Identifying system components for their sonic neutrality should logically proceed from the interpretation and analysis of their technical, objective performance. Deviations from a flat frequency response at any point along the signal chain from microphone to ear is likely to give an audible sonic personality to the system at your ear; this includes the significant contribution of the listening room itself. To accurately reproduce the recorded sound as Harbeth speakers are designed to do, you would be best advised to select system components (sources, electronics, cables and so on) that do not color the sound before it reaches the speakers.

For example, the design of and interaction between the hifi amplifier and its speaker load can and will alter the sound balance of what you hear. This may or may not be what you wish to achieve, but any deviation from a flat response is a step away from a truly neutral system. HUG has extensively discussed amplifiers and the methods for seeking the most objectively neutral among a plethora of product choices.

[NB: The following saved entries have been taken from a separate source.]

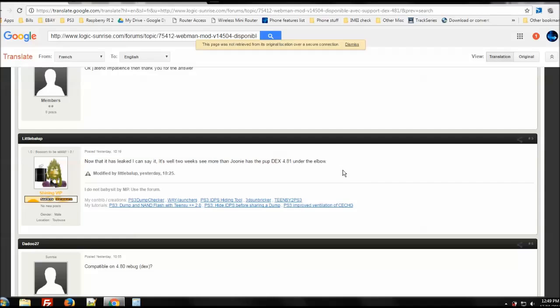And I don't know if they mean the DEX 4.81 pup, does it mean that that's the finished Rebug DEX 4.81 pup or if that's just the official firmware and it'll be maybe a couple of weeks before the DEX Rebug gets released. So it means one of those two things and I can't quite figure out which one.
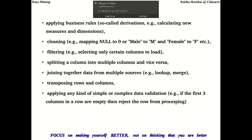For example, if the first three columns in a row are empty, then reject the row from processing. These are some of the transformations done for cleaning the data.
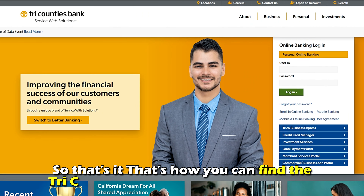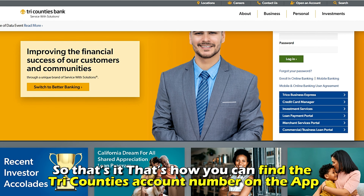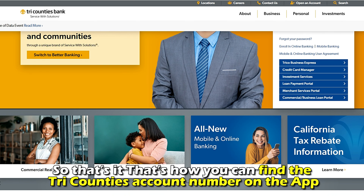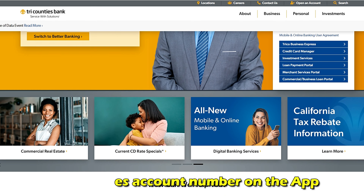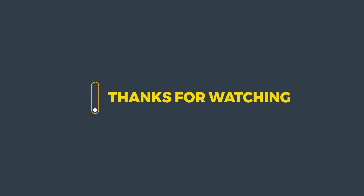So that's it. That's how you can find the Tri-County's account number on the app. Thanks for watching. Till next time.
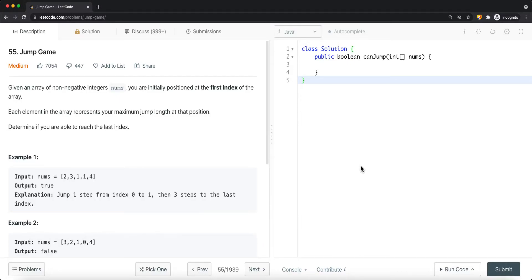In this video, we're going to take a look at a problem called Jump Game. Given an array of non-negative integers nums, you're initially positioned at the first index of the array. Each element in the array represents your maximum jump length at that position to determine if you're able to reach the last index in the array.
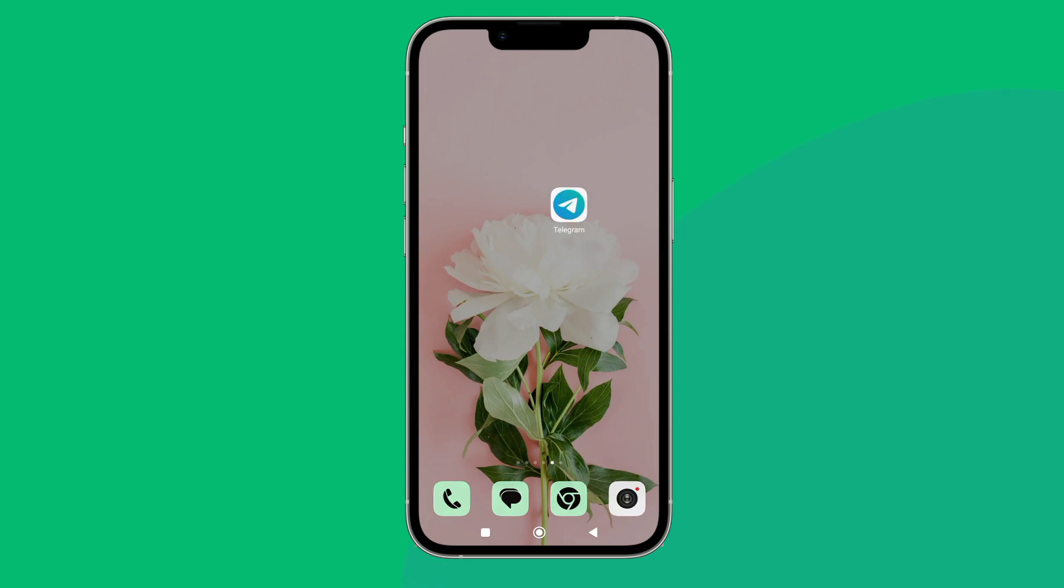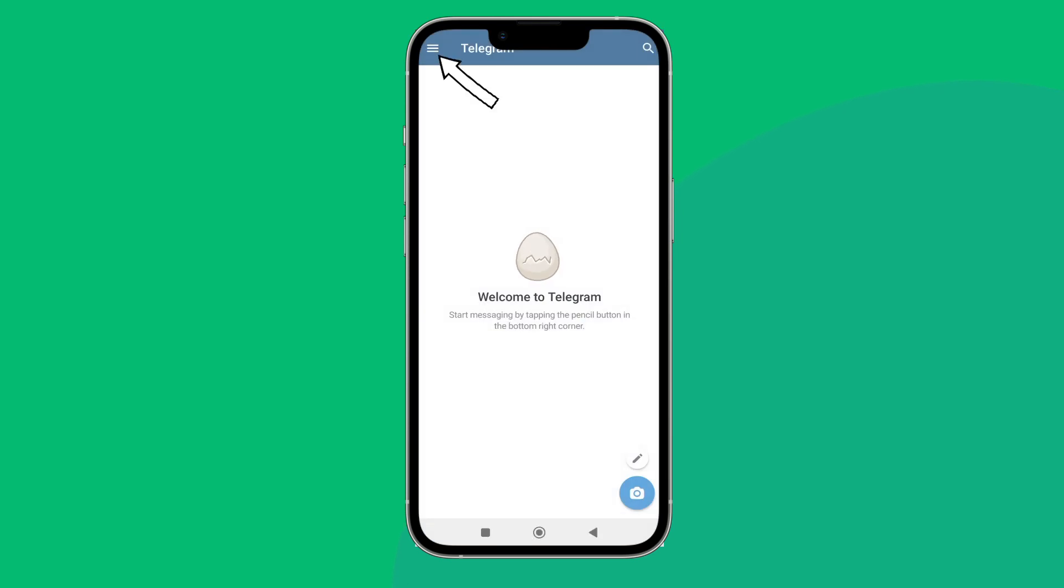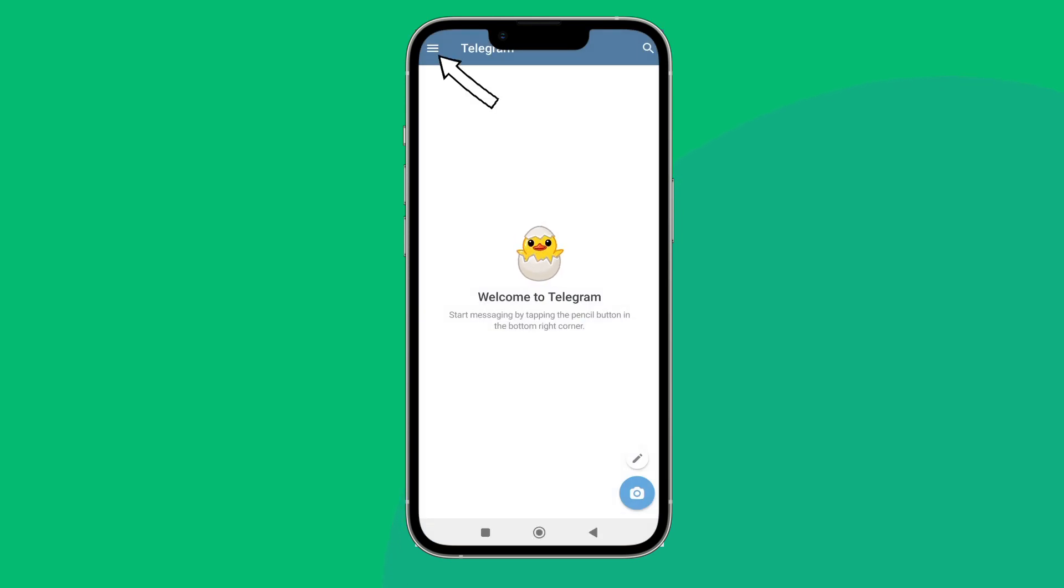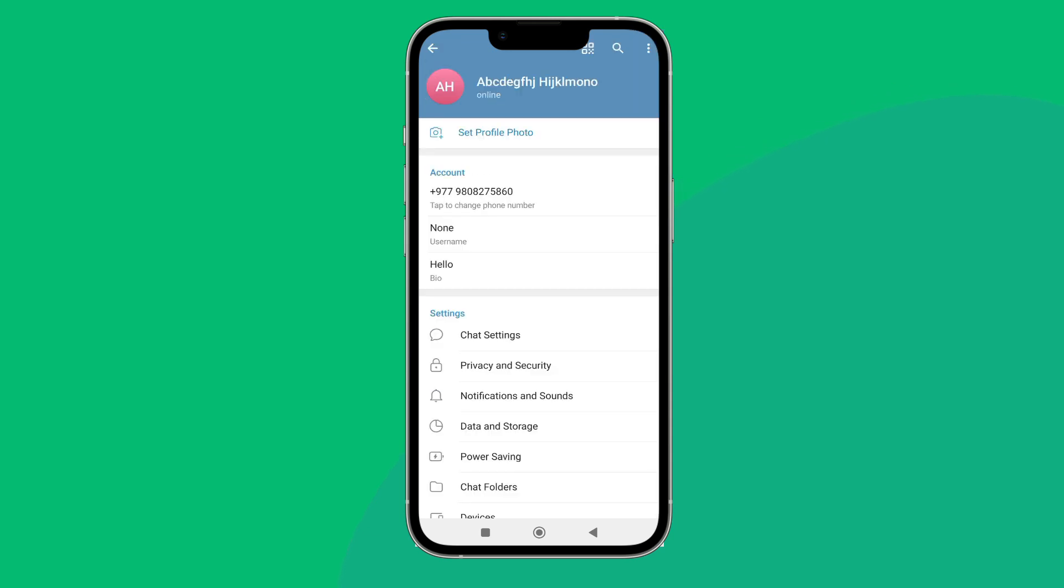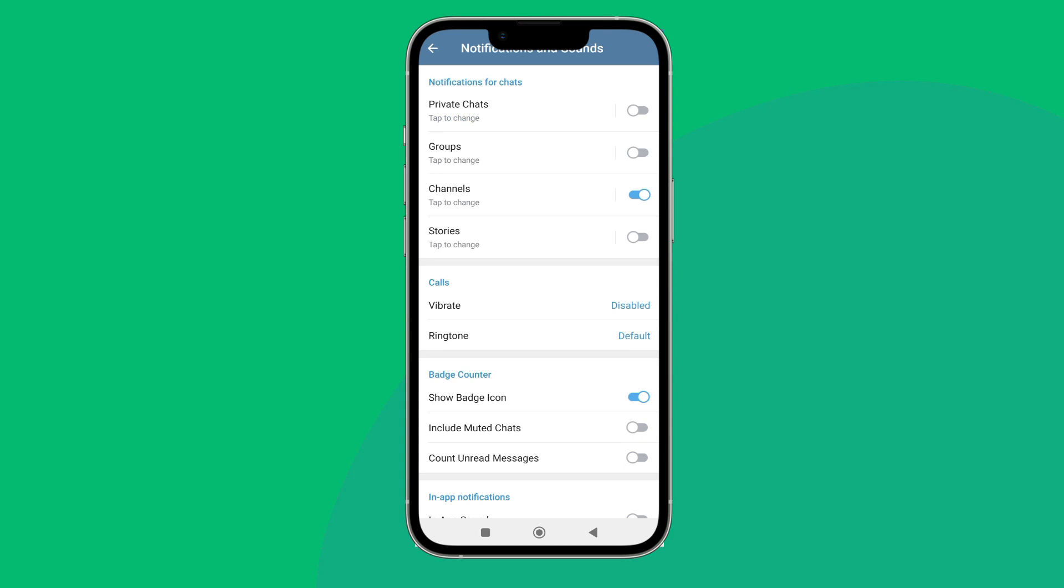Then tap on the three lines icon. Next, tap on Settings. After that, tap on Notifications and Sounds, then scroll down.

HUG specialises in making complex technical matters simple to understand, getting at the repeatable facts in a post-truth environment where objectivity is increasingly ridiculed. With our heritage of natural sound and pragmatic design, HUG is not the best place to discuss non-Harbeth audio components selected, knowingly or not, to introduce a significantly personalised system sound. For that you should do your own research and above all, make the effort to visit an Authorised Dealer and listen to your music at your loudness on your loudspeakers through the various offerings there. There is really no on-line substitute for time invested in a dealer's showroom because 'tuning' your system to taste is such a highly personal matter. Our overall objective here is to empower readers to make the factually best procurement decisions in the interests of lifelike music at home.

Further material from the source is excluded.